Who are some of these individuals? In 2018, the Tibetan photographer, curator, and designer Nyema Droma—a young woman who has lived in Britain and China—developed an exhibition for the Pitt Rivers called Performing Tibetan Identities. Droma examined hundreds of 19th- and early 20th-century photographs of Tibetans in the museum’s collection as she considered how members of her generation, both in China and in the diaspora in Europe, self-fashion their image. She then set out to take portraits of her friends in both locations.
This exhibition is unique in acknowledging the “two Tibets”: the homeland Tibet that is now incorporated into the PRC, and the Tibet of exile and diaspora. I’m extremely proud that Performing Tibetan Identities was based on works created by a young Tibetan female photographer who determined how she wanted herself and her generation to be represented. By emphasizing hybridity and celebrating Tibetan-ness in a different guise from what most people are familiar with, Droma overturned stereotypes generated in the West and in China, past and present. She’s absolutely in control of the camera, and of which images created by her camera appear publicly in the museum, in the exhibition book, and online.
Droma is one of many young Tibetans using photography as their medium, but “control of the camera” is not just about the capacity to take pictures. It’s also about being able to circulate them and determine the accompanying narrative—as foreigners have done for decades—to tell the stories Tibetans want to relay to the outside world. This remains difficult, as there are still those who seek to make Tibet and Tibetans invisible in the global public domain.
Do you think many Tibetans are eager to represent Tibet and Tibetan-ness? There are definitely Tibetan photographers who want to make work to remind the world of Tibetan culture, but in a way that’s not the stereotypical Shangri-la version of Tibet that the West is particularly keen on, or China’s propagandized version. The question is how can Tibetans squeeze themselves in between these two big blocks of cultural and political power?
There are photographers who want to speak to Tibet and its politics. For others, “Tibet” and “Tibetan” is almost a brand, a selling point for their work involving a manipulation of iconography that’s distinctively Tibetan. Then there are those who consider themselves artists first and foremost. It’s important for all these things to be possible.
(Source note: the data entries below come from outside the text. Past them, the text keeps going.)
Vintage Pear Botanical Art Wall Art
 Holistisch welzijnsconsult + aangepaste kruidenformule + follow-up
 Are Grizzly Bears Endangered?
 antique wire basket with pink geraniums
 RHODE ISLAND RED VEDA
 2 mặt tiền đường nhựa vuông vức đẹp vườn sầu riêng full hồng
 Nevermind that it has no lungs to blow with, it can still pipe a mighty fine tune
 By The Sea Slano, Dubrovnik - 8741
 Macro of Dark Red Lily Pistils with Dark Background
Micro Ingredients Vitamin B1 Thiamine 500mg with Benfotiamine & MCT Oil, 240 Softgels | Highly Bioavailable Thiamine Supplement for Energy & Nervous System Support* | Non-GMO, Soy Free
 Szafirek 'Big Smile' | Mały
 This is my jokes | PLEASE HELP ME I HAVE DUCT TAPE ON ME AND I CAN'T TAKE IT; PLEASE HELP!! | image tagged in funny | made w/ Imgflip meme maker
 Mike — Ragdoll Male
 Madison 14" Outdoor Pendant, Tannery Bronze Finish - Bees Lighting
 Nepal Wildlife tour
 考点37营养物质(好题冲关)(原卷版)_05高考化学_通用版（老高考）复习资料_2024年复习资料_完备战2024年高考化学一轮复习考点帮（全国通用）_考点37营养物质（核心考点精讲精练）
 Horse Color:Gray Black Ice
Of course, there’s also a burden placed on individuals who may be seen or even required by others to represent their community. One of my Oxford students who’s from the exile community in India is doing wonderful work rethinking how Tibet is depicted in museums, but he’s conscious that he’s just one individual and the community is incredibly diverse. In any event, the talent of the younger generation of Tibetans, wherever they were born or now live, is a source for optimism, as they’ll be the ones who forge new ways of determining how Tibet is visualized and represented in the future.